So many times I, like other believers, pray that God would spare me from unpleasant and painful situations.  I’ve been lulled into this thought that my life should be pretty easy, carefree and comfortable.  But the reality is this: life is painful!  Life is not always easy!  I will go through and have gone through some pretty difficult times in the past few years.  And even though God did not spare me (and other family members) and prevent me from going through these times, I know for certain that just like Shadrach, Meshach and Abednego, God was walking right beside me in those “fiery” times.

Shadrach, Meshach and Abednego had the ropes that bound them burned off while they were traipsing around the furnace and that got me thinking “What ‘ropes’ were keeping me bound while I was walking through painful times?” Maybe the “ropes of unbelief“:  Why would God allow this to happen to me?  Isn’t He a good God? This doesn’t feel very “good” to me right now! Maybe the “ropes of doubt”:  Does God really know what He’s doing?!  Do I really trust Him to see me/us through this time of being uncomfortable? this time of being in pain? this feeling of being lost? of feeling abandoned?  How about the “ropes of anger”:  How could You possibly allow this to happen?  “Ropes of pride”:  I’m/We’re one of your children and THIS is how You choose to treat me/us?  I’ve been living a pretty good life testifying to how I believe you and THIS is the thanks I get?!  As you can see, I should have bought stock in a rope company!!

And just like our three heroes of the Old Testament, it sometimes takes a fire to burn off these ropes that keep our hands, our feet, our hearts, and our minds bound.  And just like our fire walkers, we realize that no, maybe God didn’t deliver us from having to go through these fiery times of pain and hurt, but we know without a doubt, that we didn’t traipse through that fire alone. God didn’t keep us from going through it but He certainly was right there the whole time.

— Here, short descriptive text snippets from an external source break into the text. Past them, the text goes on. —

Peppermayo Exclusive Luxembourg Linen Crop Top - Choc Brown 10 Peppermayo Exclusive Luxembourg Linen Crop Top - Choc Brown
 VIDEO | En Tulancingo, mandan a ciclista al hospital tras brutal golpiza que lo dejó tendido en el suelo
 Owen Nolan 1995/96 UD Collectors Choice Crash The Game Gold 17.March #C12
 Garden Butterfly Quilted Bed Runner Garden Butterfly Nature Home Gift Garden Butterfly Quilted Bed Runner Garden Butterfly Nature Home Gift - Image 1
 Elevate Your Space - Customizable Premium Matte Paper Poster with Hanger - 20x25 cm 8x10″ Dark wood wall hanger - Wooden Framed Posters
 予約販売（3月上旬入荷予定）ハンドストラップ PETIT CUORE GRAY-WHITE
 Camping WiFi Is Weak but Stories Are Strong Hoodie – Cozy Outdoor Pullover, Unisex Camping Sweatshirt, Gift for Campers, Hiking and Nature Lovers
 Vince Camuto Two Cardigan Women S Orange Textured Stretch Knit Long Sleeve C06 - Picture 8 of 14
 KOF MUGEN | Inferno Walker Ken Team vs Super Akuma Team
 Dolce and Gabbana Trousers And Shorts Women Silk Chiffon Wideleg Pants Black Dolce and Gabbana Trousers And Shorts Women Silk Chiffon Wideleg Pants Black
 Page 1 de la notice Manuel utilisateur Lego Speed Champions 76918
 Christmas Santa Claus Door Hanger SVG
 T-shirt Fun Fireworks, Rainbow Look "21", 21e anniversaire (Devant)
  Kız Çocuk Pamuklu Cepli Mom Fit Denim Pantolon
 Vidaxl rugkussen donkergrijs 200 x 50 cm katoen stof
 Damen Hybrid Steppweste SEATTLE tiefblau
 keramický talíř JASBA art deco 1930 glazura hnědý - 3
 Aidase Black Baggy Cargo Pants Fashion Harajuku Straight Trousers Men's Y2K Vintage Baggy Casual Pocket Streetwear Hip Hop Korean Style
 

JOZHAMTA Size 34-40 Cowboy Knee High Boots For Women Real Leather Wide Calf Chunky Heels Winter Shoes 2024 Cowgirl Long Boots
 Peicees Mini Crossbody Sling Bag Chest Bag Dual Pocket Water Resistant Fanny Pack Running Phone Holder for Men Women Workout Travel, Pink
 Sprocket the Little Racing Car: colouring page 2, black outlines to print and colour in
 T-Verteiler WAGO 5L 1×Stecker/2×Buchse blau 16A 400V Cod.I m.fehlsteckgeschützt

Oh and that favorite part of that verse: “there was no smell of fire on them”?  The Holy Spirit gently taps me on the shoulder and reminds me that even though I have walked through some fires in my lifetime, because of His presence and His grace, people won’t be able to tell that I’ve gone through the fire.  Because instead of the lingering smell of smoke on me (and in my hair), they will only be able to smell the sweet smell of Him saving me by grace and walking beside me while we both watched those ropes disintegrate and disappear.  Yeah, every once in a while I pick up those familiar ropes again and start wrapping myself up in them.  But soon enough, the Holy Spirit reminds me of what it took to burn those things off.  I can stop and remember that even though I had to go through those times, I’m not the same person who was thrown into that fire and I’m certainly a different person after I came out of that “furnace”.

And with that being said….who wants some s’mores!!  I’ll grab the lighter and the marshmallows!!

 

Has anyone seen my ATM card?!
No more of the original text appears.